Gamma(r) is the window covariogram to solve the boundary problem experienced when
finding the original Ripley's K function... Takes radial components as well as the
width (a) and height (b) in pixels of the image. 

bin2csv(images) - function takes a list of filelocations from glob.glob (asks for the
filtering parameters),then it outputs a csv of the x and y coordinates of 
keypoints for every image in images. For example row 1 contains the x coordinate 
of the keypoints in image 1 and row 2 contains the y coordinates in image 2. 

bin2df(images) takes the images and instead of outputing ans saving a csv, it returns
a pandas dataframe. 

csv2pcf(data, dr) - takes the filename data from a csv produced by bin2csv() and outputs 
non-normalized scale invarient k (cross-corelation) and pcf (pair-correlation) 
statisticaldata from the spatial distribution of the paticles on each micrograph.
(determines wheter the nul-hypothesis of CSR [Complete Spatial Randomness] is 
upheld or voided...)

imgclass(inv_img) -  uses a compressed grayscale image from cvt_color(RGB2GRAY)
returns the im_class and the mean of the pixel intensity histogram of the grayscale
image being analyzed...

septest(p,image) - test the separation power of particles detected while changing the 
scaling factor of set filtering method, will return the particles picked and detected
for each scaling factor input...if if p = range(1,31,2) it will return two arrays
for particles detected at each filter scale. First position of picked lap outlines
the number of particles detected when that the first was used on the laplacian filter.

    1 = LAP (Modified Laplacian Filter), 
    2 = DOG (Normal Difference of Gaussian Filter) 

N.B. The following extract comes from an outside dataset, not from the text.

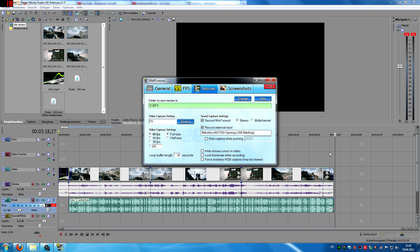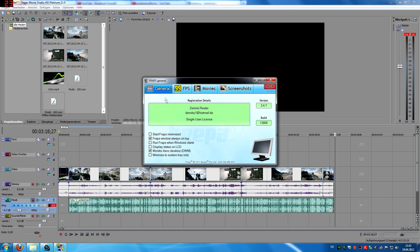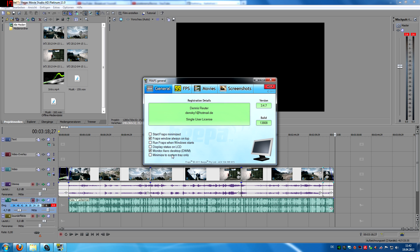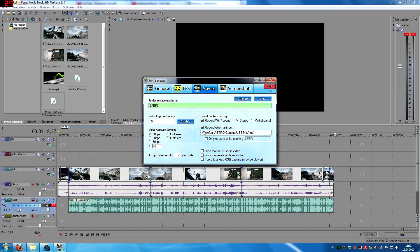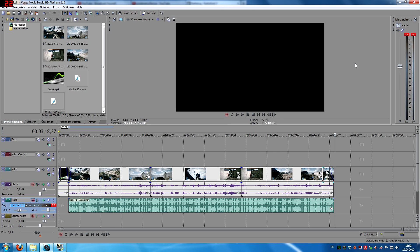Just that you guys know I'm recording right now with Fraps and you can actually capture your normal desktop while using this option here, monitor Aero desktop DWM, and then just with my S-Ray 40s.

    Note: Binary filter is more of a morphological filtering technique outlined first in 
    2003 with the algorithm goldfinder (that approach doesn't use scales but intensity 
                                        thresholding)

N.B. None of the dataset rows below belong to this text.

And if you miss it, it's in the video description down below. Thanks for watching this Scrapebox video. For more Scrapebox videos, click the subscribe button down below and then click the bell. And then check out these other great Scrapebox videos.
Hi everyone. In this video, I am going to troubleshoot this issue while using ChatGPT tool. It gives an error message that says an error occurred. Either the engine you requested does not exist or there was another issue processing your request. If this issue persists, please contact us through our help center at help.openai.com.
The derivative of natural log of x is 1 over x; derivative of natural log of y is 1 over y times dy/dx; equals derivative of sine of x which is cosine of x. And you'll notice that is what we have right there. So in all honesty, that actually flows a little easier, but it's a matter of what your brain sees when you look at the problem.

keypoints2pcf(data_set, dr) is a function that takes the output from csv2pcf , propogates
the error and normalize the resulting pcf data which will be plotted by fitpcf()

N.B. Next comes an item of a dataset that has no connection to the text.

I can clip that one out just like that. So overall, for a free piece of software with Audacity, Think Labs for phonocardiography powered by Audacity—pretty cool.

pcf(r, N, p0, p1) is the probability distribution of a CSR related process 
that we will used to fit our normalized version of Philmoneko's PCF diostributtion
for calculating colocolization of immunogold particles on microgrpahs

fitpcf(data) is a function that takes the output of keypoints2pcf (CSV file)
and plots resulting normalized PCF for V30M and CD1 positive controls. **needs
modification if looking to test distributions for more than one set, but note 
resolution of calculation and plot will increase with number of images and 
detected keypoints. That's why out positive control sets were used because they
have an average particle density of 10 - 21 particles per image. Therefore 
the distribution of the colocolization can be easily calculated.